TASK OBJECTIVE:
The output consists only of the lines from the one with "Carmar - Medium" through the end of the records, each printed exactly, and contains no pictures.

*** TASK DATA ***

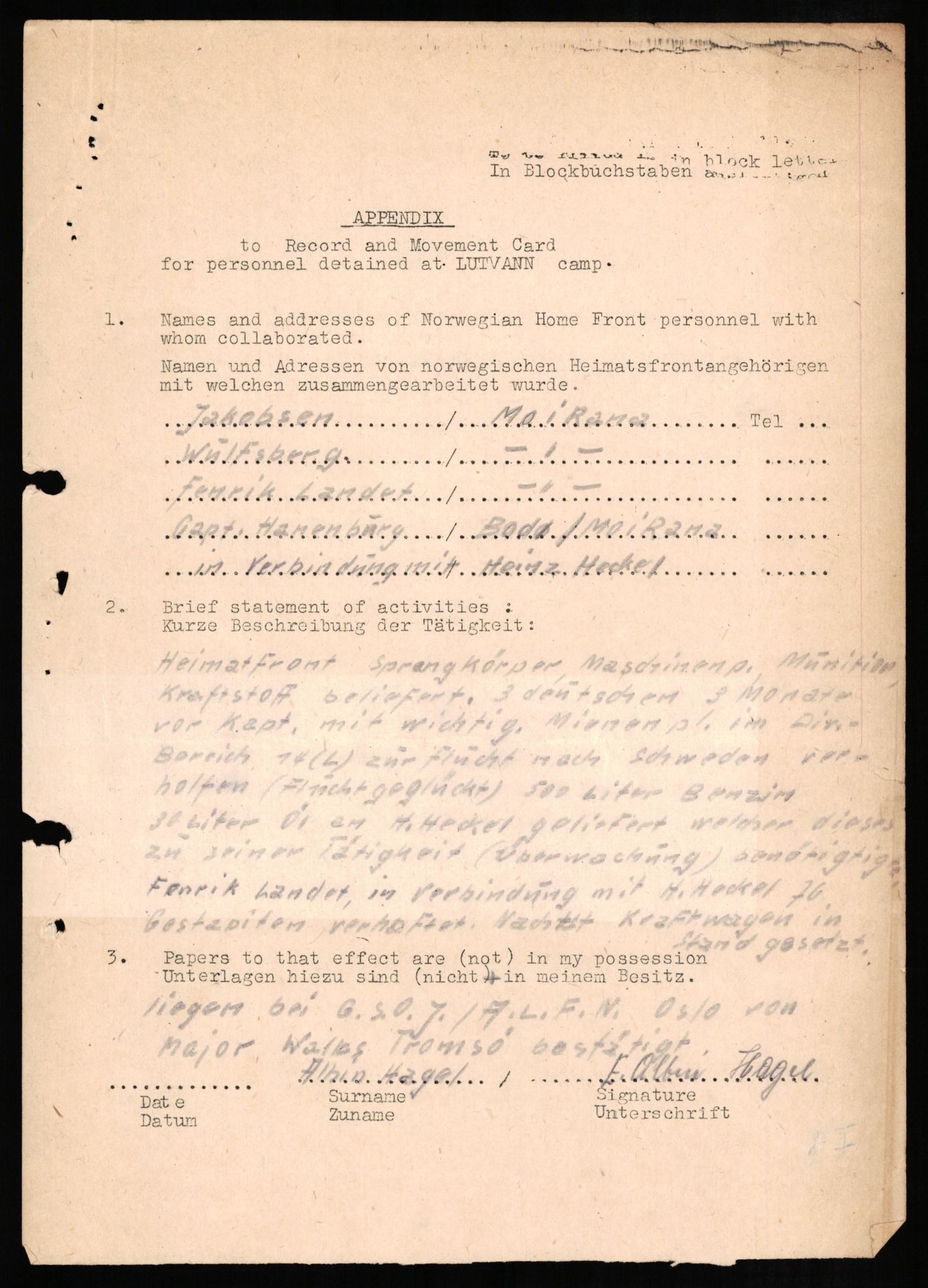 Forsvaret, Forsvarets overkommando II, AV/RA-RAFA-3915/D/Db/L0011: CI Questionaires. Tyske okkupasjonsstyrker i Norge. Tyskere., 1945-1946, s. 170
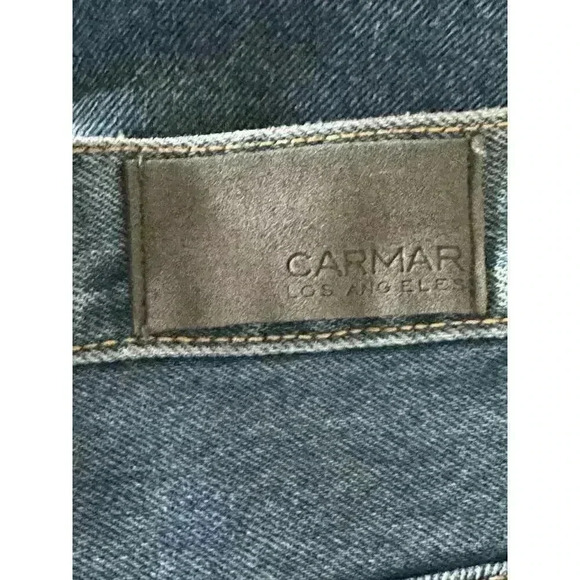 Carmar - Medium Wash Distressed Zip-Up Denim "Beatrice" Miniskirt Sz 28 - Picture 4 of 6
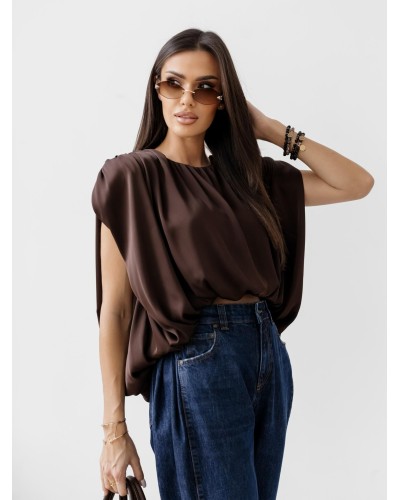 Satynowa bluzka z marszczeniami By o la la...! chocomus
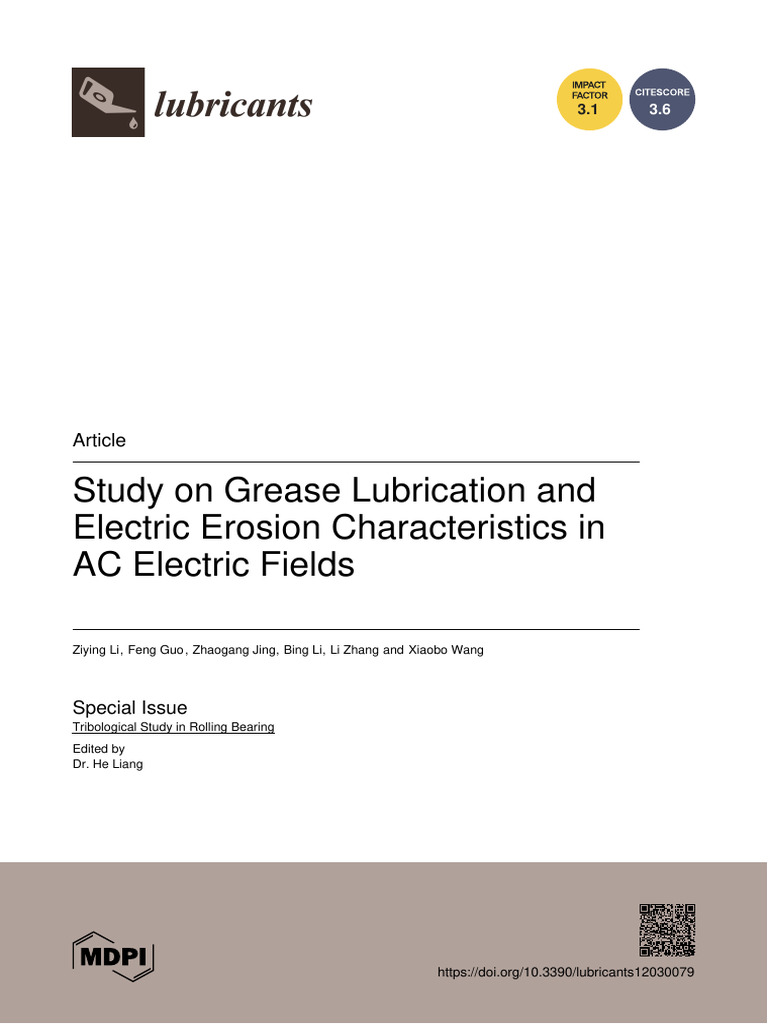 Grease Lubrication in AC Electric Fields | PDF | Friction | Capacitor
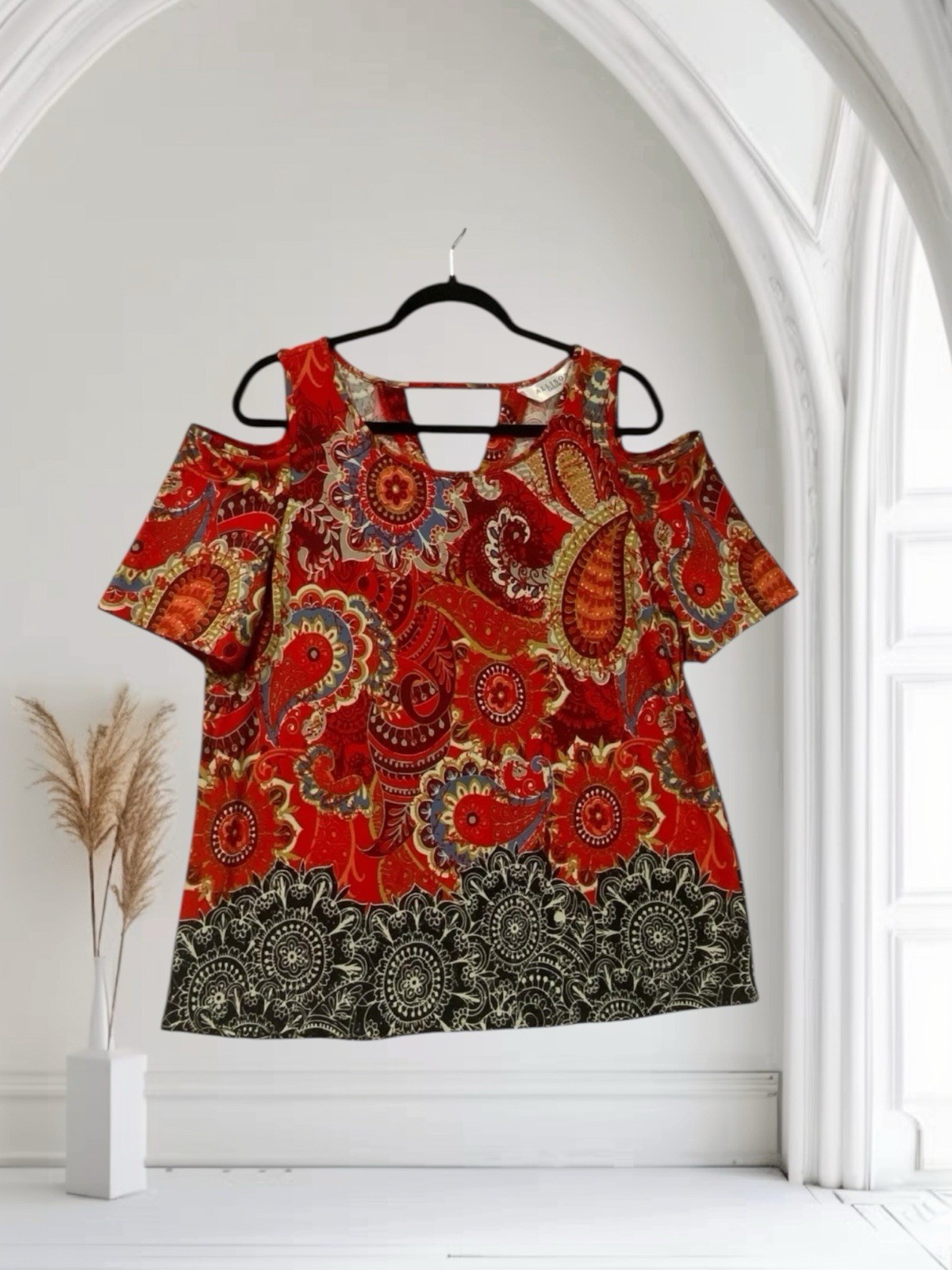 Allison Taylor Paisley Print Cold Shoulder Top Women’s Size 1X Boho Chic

*** End of TASK DATA ***

REPLY TO THE EXERCISE:
 Carmar - Medium Wash Distressed Zip-Up Denim "Beatrice" Miniskirt Sz 28 - Picture 4 of 6
 Satynowa bluzka z marszczeniami By o la la...! chocomus
 Grease Lubrication in AC Electric Fields | PDF | Friction | Capacitor
 Allison Taylor Paisley Print Cold Shoulder Top Women’s Size 1X Boho Chic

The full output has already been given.